Otto Feige hypothesis
The Ret Marut hypothesis did not explain how the former actor and anarchist got to Mexico; it did not provide any information about his early life either. In the late 1970s, two BBC journalists, Will Wyatt and Robert Robinson, decided to investigate this matter. The results of their research were published in a documentary broadcast by the BBC on 19 December 1978 and in Wyatt's book
The Secret of the Sierra Madre, which appeared in 1980. The journalists got access to Ret Marut's files in the United States Department of State and the British Foreign and Commonwealth Office, where they discovered that Marut was trying to get from Europe via Britain to Canada in 1923, but was turned back from that country and was finally arrested and imprisoned as a foreigner without a residence permit in Brixton Prison, London on 30 November 1923. Interrogated by the British police, Marut testified that his real name was Hermann Otto Albert Maximilian Feige and that he had been born in Schwiebus in Germany (modern day ?wiebodzin in Poland) on 23 February 1882.
Wyatt and Robinson did research in the Polish archives and confirmed the authenticity of these facts: both the date and place of birth and the Christian names of Feige's parents agreed with Marut's testimony. What is more, Otto Feige's father was a potter, which would correspond with the title of the periodical "Der Ziegelbrenner" ("The Brick Burner") published by Marut. The British journalists also found out that after his apprenticeship and National Service in the German army around 1904/1905 Otto Feige disappeared leaving no trace of himself.
Ret Marut stayed in Brixton prison till 15 February 1924. After his release in the spring of 1924, he went to the US consulate in London and asked for confirmation of his American citizenship. He claimed that he had been born in San Francisco in 1882, signed on a ship when he was ten and had been travelling around the world since then, but now wanted to settle down and get his life in order. Incidentally, Marut had also applied for US citizenship earlier, when he lived in Germany. He filed altogether three applications at that time, claiming that he had been born San Francisco on 25 February 1882 to parents William Marut and Helena Marut née Ottarent. Naturally, the consulate officials did not take this story seriously, especially as they also received the other version of Marut's biography from the London police, that about his birth in Schwiebus, which he had presented during the interrogation. In the opinion of Wyatt and Robinson, the version presented by Marut to the police is true — B. Traven was born as Otto Feige in Schwiebus (modern day ?wiebodzin) and only later changed his name to Ret Marut.

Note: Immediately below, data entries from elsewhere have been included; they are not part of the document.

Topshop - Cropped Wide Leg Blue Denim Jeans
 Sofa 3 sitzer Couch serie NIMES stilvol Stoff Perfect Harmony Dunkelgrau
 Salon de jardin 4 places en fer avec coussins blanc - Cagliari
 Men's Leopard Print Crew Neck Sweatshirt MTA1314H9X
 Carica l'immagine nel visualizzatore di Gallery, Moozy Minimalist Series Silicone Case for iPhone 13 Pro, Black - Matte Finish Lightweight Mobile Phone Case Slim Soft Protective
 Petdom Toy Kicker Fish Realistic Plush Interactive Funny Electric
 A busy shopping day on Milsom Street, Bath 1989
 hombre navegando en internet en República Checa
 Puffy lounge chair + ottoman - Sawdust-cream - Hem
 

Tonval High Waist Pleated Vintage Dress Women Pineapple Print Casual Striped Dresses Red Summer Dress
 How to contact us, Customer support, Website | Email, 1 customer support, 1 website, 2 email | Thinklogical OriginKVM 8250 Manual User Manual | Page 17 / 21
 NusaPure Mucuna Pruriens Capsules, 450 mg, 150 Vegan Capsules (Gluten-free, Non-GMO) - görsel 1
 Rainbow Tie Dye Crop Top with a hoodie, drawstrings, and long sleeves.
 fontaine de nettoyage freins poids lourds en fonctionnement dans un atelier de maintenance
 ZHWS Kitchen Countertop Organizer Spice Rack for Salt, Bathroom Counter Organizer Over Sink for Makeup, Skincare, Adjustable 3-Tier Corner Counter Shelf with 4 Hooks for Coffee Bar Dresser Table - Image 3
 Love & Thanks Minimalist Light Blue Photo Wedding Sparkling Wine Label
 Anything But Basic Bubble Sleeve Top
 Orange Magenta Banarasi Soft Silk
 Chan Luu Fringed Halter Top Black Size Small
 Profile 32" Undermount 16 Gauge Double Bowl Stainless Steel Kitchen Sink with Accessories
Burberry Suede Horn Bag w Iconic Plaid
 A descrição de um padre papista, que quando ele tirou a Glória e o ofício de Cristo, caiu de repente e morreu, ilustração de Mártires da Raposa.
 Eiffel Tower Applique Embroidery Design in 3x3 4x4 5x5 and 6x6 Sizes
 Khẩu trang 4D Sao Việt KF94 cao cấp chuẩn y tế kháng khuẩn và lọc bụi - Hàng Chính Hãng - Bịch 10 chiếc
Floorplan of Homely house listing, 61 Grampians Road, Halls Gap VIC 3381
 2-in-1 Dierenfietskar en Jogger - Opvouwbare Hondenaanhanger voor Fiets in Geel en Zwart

The hypothesis that B. Traven is identical with Ret Marut and Otto Feige is accepted by many scholars, but it is also often rejected as improbable. Tapio Helen points out that the adoption of such a version of the writer's biography would be very difficult to reconcile with many Americanisms present in his works and the general spirit of American culture pervading them — these must be proof of at least a long life of the writer in the American environment, which was not the case in Feige's or Marut's biography. On the other hand, if Marut was not identical with Otto Feige, it is difficult to explain how he knew the details of his birth so well, including his mother's maiden name.
The Otto Feige hypothesis was also rejected by Karl S. Guthke, who believed that Marut's version about his birth in San Francisco was nearer the truth even though Guthke agreed with the opinion that Marut fantasized in his biography to some extent..
Arrival in Mexico
After his release from the London prison, Ret Marut supposedly got from Europe to Mexico. The circumstances of this journey are not clear either. According to Rosa Elena Luján, the widow of Hal Croves, who is identified with B. Traven by many scholars (see below), her husband signed on a "death ship" after his release from prison and sailed to Norway, from there on board another "death ship" to Africa and, finally, on board a Dutch ship, reached Tampico on the Gulf of Mexico in the summer of 1924. He allegedly utilized his experiences from these voyages later in the novel
The Death Ship. These allegations are partly supported by documents. Marut's name is on the list of the crew members of the Norwegian ship Hegre, which sailed from London to the Canary Islands on 19 April 1924; the name is, however, crossed out on this list, which could imply that Marut did not take part in the voyage in the end.
In the early 1920s, Mexico was a place where many American
wobblies with extreme left views sought shelter; they also moved to this country fleeing conscription when the United States joined the First World War in 1917. One of the leading activists in these circles was Linn A.A. Gale. As early as 1917, when he still lived in New York City, he started publishing the periodical
GALE's International Monthly for Revolutionary Communism, which began appearing again in Mexico City in October 1918. In 1918, the Mexican section of the anarcho-syndicalist trade union Industrial Workers of the World was also established. This was certainly a favourable environment for an anarchist and fugitive from Europe, and Gale's name could have been the inspiration for the literary figure of Gerald Gale, the hero of many novels by B. Traven, including
The Cotton Pickers (first published as
Der Wobbly) and
The Death Ship. From Traven's preserved notes, it appears that he also had to work in difficult conditions as a day labourer on cotton plantations and oil fields.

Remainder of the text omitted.